_Problem requirements:_ Using the data below, gather each line that includes the word "Pillow".

Source material Start Marker

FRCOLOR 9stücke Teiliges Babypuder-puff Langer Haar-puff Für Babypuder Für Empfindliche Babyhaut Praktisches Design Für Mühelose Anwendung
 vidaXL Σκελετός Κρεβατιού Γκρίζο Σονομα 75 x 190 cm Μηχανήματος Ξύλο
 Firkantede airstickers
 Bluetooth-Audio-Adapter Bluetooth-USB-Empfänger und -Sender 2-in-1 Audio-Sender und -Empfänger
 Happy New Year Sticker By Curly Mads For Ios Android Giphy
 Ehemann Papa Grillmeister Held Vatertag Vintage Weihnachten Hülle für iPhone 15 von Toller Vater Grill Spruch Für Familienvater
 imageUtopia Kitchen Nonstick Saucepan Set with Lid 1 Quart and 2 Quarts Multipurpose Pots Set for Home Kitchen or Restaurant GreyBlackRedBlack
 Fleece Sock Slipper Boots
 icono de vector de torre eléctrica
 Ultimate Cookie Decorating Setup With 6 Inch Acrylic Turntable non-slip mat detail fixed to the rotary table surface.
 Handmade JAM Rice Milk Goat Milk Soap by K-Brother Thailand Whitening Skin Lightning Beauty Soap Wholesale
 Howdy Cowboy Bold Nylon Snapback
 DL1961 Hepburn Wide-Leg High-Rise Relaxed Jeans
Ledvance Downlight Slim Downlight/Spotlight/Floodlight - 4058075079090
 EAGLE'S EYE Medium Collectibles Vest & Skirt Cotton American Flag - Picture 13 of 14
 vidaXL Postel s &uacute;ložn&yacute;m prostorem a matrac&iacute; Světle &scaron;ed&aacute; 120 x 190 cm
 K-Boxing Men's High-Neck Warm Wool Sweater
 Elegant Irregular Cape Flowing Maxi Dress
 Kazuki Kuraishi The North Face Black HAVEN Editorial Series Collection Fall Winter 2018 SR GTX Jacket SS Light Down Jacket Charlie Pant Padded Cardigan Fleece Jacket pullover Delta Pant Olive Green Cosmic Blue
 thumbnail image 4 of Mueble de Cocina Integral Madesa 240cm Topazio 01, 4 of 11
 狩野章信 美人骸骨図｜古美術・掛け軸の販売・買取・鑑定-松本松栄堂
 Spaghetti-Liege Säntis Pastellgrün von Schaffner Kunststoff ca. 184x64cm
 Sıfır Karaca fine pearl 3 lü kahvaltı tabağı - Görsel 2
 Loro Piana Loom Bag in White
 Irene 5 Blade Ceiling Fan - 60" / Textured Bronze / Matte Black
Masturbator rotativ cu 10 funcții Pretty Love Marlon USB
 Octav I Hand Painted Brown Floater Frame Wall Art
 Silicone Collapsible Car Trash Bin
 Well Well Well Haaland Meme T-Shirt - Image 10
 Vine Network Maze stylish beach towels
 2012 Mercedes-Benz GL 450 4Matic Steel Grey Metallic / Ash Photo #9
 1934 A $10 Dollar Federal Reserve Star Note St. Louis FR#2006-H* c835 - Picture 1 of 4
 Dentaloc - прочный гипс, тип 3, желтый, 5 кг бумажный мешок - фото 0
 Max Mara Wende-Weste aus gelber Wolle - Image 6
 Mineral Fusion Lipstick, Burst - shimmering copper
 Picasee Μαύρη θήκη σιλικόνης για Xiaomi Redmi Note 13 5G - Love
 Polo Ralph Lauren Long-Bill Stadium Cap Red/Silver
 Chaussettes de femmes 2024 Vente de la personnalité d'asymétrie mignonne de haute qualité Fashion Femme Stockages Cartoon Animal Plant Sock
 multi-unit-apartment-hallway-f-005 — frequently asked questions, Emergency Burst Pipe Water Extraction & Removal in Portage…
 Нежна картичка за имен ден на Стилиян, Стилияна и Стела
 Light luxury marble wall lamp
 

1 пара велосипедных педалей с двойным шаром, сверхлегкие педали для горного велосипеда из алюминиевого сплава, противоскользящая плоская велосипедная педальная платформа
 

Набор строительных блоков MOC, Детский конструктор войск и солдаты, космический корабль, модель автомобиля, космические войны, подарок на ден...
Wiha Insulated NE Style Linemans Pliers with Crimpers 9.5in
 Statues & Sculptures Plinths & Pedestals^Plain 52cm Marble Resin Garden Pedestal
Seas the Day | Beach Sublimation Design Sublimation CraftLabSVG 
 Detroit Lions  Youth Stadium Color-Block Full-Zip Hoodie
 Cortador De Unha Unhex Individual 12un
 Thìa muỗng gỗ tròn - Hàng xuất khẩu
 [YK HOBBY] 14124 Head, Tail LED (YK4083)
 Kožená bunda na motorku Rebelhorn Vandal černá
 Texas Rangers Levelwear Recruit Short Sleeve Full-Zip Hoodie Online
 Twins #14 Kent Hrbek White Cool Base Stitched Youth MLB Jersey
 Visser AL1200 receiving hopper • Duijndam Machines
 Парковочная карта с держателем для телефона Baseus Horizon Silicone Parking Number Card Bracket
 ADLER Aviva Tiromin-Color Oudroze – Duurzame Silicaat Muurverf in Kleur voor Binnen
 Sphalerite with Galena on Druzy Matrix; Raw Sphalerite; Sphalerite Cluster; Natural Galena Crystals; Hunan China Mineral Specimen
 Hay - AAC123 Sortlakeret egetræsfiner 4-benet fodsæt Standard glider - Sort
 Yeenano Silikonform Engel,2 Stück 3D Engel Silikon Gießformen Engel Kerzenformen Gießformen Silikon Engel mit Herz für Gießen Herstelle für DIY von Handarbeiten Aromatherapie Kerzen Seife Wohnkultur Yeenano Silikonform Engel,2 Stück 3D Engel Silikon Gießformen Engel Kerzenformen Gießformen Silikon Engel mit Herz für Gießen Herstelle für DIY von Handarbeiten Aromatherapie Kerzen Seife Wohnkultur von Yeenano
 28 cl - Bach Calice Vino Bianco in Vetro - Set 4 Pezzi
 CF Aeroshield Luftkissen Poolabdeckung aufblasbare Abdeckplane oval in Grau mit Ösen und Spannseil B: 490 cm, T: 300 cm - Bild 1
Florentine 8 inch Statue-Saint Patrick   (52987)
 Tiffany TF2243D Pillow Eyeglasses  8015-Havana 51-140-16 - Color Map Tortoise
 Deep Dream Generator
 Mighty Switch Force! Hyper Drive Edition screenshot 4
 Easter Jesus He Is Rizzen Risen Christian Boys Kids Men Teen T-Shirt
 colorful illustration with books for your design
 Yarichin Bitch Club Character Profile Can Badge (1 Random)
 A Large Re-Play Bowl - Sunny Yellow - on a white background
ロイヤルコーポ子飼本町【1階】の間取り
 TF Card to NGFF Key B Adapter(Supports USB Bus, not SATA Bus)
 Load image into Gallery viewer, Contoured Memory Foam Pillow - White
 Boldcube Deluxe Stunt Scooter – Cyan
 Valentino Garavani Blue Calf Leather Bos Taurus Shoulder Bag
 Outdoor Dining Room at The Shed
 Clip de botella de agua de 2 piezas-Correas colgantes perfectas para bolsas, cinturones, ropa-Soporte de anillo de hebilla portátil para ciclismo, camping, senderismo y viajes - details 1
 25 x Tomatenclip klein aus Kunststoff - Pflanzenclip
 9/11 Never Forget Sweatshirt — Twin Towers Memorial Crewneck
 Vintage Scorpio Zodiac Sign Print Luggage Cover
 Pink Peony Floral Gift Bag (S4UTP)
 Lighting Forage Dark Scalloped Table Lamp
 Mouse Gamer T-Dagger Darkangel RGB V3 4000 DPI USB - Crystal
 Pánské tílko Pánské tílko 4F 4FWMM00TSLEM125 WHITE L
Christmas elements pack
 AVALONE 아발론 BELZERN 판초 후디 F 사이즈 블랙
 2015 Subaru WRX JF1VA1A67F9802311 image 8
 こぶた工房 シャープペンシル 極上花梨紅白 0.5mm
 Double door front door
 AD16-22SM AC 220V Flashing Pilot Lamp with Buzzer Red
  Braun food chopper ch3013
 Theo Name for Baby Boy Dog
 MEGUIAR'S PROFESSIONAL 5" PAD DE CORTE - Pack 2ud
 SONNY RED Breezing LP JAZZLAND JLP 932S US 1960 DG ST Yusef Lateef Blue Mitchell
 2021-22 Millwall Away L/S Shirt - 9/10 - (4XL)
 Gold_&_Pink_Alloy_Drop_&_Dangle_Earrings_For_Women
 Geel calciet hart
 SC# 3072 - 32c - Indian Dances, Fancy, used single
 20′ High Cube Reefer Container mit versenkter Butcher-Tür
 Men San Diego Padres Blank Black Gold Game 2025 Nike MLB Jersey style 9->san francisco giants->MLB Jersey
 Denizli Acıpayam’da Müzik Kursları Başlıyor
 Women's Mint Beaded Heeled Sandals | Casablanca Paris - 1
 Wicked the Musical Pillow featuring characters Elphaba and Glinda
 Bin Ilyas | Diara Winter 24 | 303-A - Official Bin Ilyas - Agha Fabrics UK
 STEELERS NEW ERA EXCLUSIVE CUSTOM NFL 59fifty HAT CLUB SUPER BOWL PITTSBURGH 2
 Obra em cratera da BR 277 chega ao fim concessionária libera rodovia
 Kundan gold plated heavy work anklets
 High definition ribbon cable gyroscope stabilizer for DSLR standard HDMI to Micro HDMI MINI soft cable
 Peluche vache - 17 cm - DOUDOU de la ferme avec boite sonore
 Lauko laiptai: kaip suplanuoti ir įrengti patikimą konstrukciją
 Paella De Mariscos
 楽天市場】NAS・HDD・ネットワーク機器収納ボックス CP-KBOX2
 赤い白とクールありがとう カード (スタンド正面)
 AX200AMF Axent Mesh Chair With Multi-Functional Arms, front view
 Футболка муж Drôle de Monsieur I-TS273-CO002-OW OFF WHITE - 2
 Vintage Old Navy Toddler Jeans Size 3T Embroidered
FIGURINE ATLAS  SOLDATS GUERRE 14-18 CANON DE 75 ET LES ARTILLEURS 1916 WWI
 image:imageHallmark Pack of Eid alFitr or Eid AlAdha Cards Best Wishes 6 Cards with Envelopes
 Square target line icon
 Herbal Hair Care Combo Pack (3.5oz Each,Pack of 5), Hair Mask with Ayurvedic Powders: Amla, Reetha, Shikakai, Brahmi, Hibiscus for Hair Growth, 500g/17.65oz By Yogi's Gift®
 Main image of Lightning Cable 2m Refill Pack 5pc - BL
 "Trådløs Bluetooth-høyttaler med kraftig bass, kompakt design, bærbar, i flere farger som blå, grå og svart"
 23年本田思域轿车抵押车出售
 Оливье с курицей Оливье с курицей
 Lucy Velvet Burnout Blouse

Source material End Marker

_Written answer:_
 Tiffany TF2243D Pillow Eyeglasses  8015-Havana 51-140-16 - Color Map Tortoise
 Load image into Gallery viewer, Contoured Memory Foam Pillow - White
 Wicked the Musical Pillow featuring characters Elphaba and Glinda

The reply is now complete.